What is needed:
A word-for-word transcription of the whole listing is required.

Input for this task:
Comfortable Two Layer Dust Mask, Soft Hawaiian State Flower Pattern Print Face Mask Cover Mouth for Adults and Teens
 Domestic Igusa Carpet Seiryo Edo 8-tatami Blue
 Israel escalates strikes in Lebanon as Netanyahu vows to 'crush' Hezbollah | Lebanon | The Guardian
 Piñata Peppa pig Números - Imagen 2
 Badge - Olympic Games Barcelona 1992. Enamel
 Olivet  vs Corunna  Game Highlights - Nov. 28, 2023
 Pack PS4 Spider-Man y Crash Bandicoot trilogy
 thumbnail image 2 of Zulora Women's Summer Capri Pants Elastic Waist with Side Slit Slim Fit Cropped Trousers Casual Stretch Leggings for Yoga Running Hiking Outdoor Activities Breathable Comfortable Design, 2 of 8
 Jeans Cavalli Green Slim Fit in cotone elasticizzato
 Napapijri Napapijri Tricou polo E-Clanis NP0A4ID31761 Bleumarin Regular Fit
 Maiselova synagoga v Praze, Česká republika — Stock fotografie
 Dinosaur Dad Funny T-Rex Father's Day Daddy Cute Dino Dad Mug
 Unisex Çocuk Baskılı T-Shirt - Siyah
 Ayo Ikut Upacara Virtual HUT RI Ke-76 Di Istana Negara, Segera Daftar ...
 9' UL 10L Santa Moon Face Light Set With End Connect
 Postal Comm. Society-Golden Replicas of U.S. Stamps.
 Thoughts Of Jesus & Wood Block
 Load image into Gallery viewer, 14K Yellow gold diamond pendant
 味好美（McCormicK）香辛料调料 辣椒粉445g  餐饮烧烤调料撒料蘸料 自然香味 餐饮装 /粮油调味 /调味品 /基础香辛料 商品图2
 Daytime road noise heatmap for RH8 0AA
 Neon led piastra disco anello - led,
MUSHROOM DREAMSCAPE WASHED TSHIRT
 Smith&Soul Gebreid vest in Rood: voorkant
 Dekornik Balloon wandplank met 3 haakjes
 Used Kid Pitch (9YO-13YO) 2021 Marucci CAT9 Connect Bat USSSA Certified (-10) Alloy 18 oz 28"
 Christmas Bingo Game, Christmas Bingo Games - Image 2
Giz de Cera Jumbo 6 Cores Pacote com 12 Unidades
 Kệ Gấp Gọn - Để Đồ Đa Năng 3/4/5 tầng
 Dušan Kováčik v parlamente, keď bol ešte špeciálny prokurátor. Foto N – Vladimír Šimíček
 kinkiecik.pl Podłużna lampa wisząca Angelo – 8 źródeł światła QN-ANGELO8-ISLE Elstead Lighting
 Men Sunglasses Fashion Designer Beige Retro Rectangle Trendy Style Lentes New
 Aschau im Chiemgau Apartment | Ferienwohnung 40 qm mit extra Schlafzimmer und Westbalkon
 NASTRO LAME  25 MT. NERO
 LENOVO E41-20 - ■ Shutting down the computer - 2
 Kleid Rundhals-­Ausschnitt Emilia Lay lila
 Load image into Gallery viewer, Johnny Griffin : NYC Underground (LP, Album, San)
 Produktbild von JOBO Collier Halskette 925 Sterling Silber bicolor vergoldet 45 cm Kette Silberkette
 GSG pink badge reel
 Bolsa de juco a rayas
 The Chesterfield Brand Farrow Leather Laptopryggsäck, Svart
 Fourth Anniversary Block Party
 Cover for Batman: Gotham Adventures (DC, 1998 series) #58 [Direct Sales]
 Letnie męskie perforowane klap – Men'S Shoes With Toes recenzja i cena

Exercise result:
Comfortable Two Layer Dust Mask, Soft Hawaiian State Flower Pattern Print Face Mask Cover Mouth for Adults and Teens
 Domestic Igusa Carpet Seiryo Edo 8-tatami Blue
 Israel escalates strikes in Lebanon as Netanyahu vows to 'crush' Hezbollah | Lebanon | The Guardian
 Piñata Peppa pig Números - Imagen 2
 Badge - Olympic Games Barcelona 1992. Enamel
 Olivet  vs Corunna  Game Highlights - Nov. 28, 2023
 Pack PS4 Spider-Man y Crash Bandicoot trilogy
 thumbnail image 2 of Zulora Women's Summer Capri Pants Elastic Waist with Side Slit Slim Fit Cropped Trousers Casual Stretch Leggings for Yoga Running Hiking Outdoor Activities Breathable Comfortable Design, 2 of 8
 Jeans Cavalli Green Slim Fit in cotone elasticizzato
 Napapijri Napapijri Tricou polo E-Clanis NP0A4ID31761 Bleumarin Regular Fit
 Maiselova synagoga v Praze, Česká republika — Stock fotografie
 Dinosaur Dad Funny T-Rex Father's Day Daddy Cute Dino Dad Mug
 Unisex Çocuk Baskılı T-Shirt - Siyah
 Ayo Ikut Upacara Virtual HUT RI Ke-76 Di Istana Negara, Segera Daftar ...
 9' UL 10L Santa Moon Face Light Set With End Connect
 Postal Comm. Society-Golden Replicas of U.S. Stamps.
 Thoughts Of Jesus & Wood Block
 Load image into Gallery viewer, 14K Yellow gold diamond pendant
 味好美（McCormicK）香辛料调料 辣椒粉445g  餐饮烧烤调料撒料蘸料 自然香味 餐饮装 /粮油调味 /调味品 /基础香辛料 商品图2
 Daytime road noise heatmap for RH8 0AA
 Neon led piastra disco anello - led,
MUSHROOM DREAMSCAPE WASHED TSHIRT
 Smith&Soul Gebreid vest in Rood: voorkant
 Dekornik Balloon wandplank met 3 haakjes
 Used Kid Pitch (9YO-13YO) 2021 Marucci CAT9 Connect Bat USSSA Certified (-10) Alloy 18 oz 28"
 Christmas Bingo Game, Christmas Bingo Games - Image 2
Giz de Cera Jumbo 6 Cores Pacote com 12 Unidades
 Kệ Gấp Gọn - Để Đồ Đa Năng 3/4/5 tầng
 Dušan Kováčik v parlamente, keď bol ešte špeciálny prokurátor. Foto N – Vladimír Šimíček
 kinkiecik.pl Podłużna lampa wisząca Angelo – 8 źródeł światła QN-ANGELO8-ISLE Elstead Lighting
 Men Sunglasses Fashion Designer Beige Retro Rectangle Trendy Style Lentes New
 Aschau im Chiemgau Apartment | Ferienwohnung 40 qm mit extra Schlafzimmer und Westbalkon
 NASTRO LAME  25 MT. NERO
 LENOVO E41-20 - ■ Shutting down the computer - 2
 Kleid Rundhals-­Ausschnitt Emilia Lay lila
 Load image into Gallery viewer, Johnny Griffin : NYC Underground (LP, Album, San)
 Produktbild von JOBO Collier Halskette 925 Sterling Silber bicolor vergoldet 45 cm Kette Silberkette
 GSG pink badge reel
 Bolsa de juco a rayas
 The Chesterfield Brand Farrow Leather Laptopryggsäck, Svart
 Fourth Anniversary Block Party
 Cover for Batman: Gotham Adventures (DC, 1998 series) #58 [Direct Sales]
 Letnie męskie perforowane klap – Men'S Shoes With Toes recenzja i cena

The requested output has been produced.